United Church of Christ, OC Inc.

[1] Bridging the Digital Divide for Low-Income Consumers et al, Fifth Report and Order, Memorandum Opinion and Order and Order on Reconsideration, and Further Notice of Proposed Rulemaking, 34 FCC Rcd 10886 et seq (Rel. Nov.14, 2019) (“NPRM”).

[2] Leadership Conference Comments (February 21, 2018).

[3] See e.g., National Urban League’s Comments (Jan. 27, 2020); NHMC’s Comments (Jan. 27, 2020), Low-Income Consumer Advocates Comments (Jan. 27, 2020) (includes Asian Americans Advancing Justice │AAJC, Common Cause, UCC OC, Inc., NCLC, and other public interest organizations); NHMC Comments [get cite].

[4] See e.g., Monica Anderson, Mobile Technology and Home Broadband 2019, Pew Research Center, Internet and Technology (June 13, 2019) (50% cite cost as the main reason for not subscribing to home broadband service) available at https://www.pewresearch.org/internet/2019/06/13/mobile-technology-and-home-broadband-2019/.

[5] NPRM at 34 FCC Rcd 10945-10946, ¶137.

[6] See also, Low Income Consumer Advocates’ Opening Comments on the Further Notice of Proposed Rulemaking, WC Docket Nos. 17-287, 11-42, 09-187 (Jan. 27, 2019) at 6-8 (discussion on income volatility).

[7] According to the CFPB, debts for telecommunications services are among the most common debts that creditors and debt collectors seek from consumers. See CFPB, Quarterly Consumer Credit Trends: Collections of Telecommunications Debt (Aug. 2018) at p.2.

[8] See, Leadership Conference, Comments in Response to the Commission’s Second Further Notice of Proposed Rulemaking, WC Docket Nos. 11-42, 09-197, 10-90 (August 31, 2015) at p.3.

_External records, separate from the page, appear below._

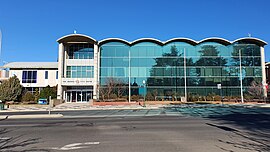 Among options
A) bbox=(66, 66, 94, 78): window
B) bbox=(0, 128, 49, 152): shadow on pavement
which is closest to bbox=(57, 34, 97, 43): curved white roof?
bbox=(66, 66, 94, 78): window

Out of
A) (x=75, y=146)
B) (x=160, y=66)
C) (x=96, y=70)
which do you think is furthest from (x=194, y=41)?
(x=75, y=146)

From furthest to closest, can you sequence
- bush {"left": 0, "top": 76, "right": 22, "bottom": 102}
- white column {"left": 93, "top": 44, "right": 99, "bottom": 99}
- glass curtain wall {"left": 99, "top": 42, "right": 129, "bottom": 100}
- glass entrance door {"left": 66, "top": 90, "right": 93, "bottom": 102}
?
glass entrance door {"left": 66, "top": 90, "right": 93, "bottom": 102}, white column {"left": 93, "top": 44, "right": 99, "bottom": 99}, glass curtain wall {"left": 99, "top": 42, "right": 129, "bottom": 100}, bush {"left": 0, "top": 76, "right": 22, "bottom": 102}

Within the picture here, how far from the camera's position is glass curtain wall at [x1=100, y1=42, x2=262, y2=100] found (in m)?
43.1

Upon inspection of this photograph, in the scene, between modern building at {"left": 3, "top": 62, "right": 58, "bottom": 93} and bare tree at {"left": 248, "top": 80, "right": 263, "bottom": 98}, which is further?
modern building at {"left": 3, "top": 62, "right": 58, "bottom": 93}

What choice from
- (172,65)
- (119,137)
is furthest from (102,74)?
(119,137)

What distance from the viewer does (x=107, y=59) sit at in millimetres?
44469

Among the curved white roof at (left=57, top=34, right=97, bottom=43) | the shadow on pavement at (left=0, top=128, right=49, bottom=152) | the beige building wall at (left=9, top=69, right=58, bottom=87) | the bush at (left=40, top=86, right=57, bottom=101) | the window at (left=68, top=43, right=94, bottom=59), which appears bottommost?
the shadow on pavement at (left=0, top=128, right=49, bottom=152)

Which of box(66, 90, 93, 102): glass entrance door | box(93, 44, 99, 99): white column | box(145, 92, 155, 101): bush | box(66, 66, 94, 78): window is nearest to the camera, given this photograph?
box(145, 92, 155, 101): bush

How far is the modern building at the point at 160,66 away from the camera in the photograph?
43.0 metres

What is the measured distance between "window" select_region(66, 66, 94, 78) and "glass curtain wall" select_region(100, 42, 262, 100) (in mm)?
2415

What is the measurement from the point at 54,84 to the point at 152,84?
20.9m

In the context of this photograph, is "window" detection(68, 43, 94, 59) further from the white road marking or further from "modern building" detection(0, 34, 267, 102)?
the white road marking

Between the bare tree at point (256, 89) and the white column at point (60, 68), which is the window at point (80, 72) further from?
the bare tree at point (256, 89)

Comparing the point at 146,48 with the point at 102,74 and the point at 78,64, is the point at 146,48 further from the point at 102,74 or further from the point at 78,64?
the point at 78,64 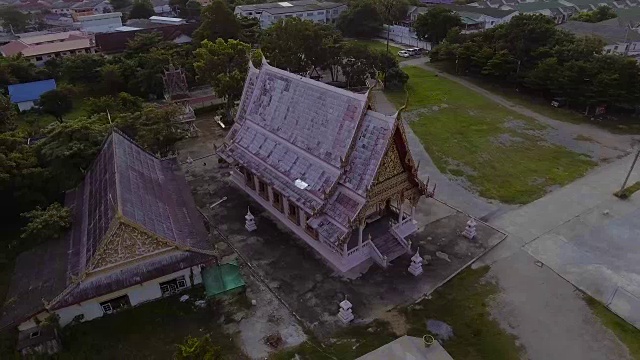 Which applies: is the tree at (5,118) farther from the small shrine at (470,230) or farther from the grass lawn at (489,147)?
the small shrine at (470,230)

[9] NPRM at 34 FCC Rcd 10947-10948, ¶146.

[10] NPRM at 34 FCC Rcd 10948, ¶147.

[11] NPRM at 34 FCC Rcd 10950, ¶153.

[12] Bridging the Digital Divide for Low-Income Consumers et al, Fifth Report and Order, Memorandum Opinion and Order and Order on Reconsideration, and Further Notice of Proposed Rulemaking, (Rel. Nov.14, 2019), 34 FCC Rcd 10915, ¶68 et seq.

[13] Id at 34 FCC Rcd 10918, ¶78 et seq.

[14] In addition, requiring a fee for a handset or tablet is arguably rate regulation in violation of 47 USC §332(c)(1)(A).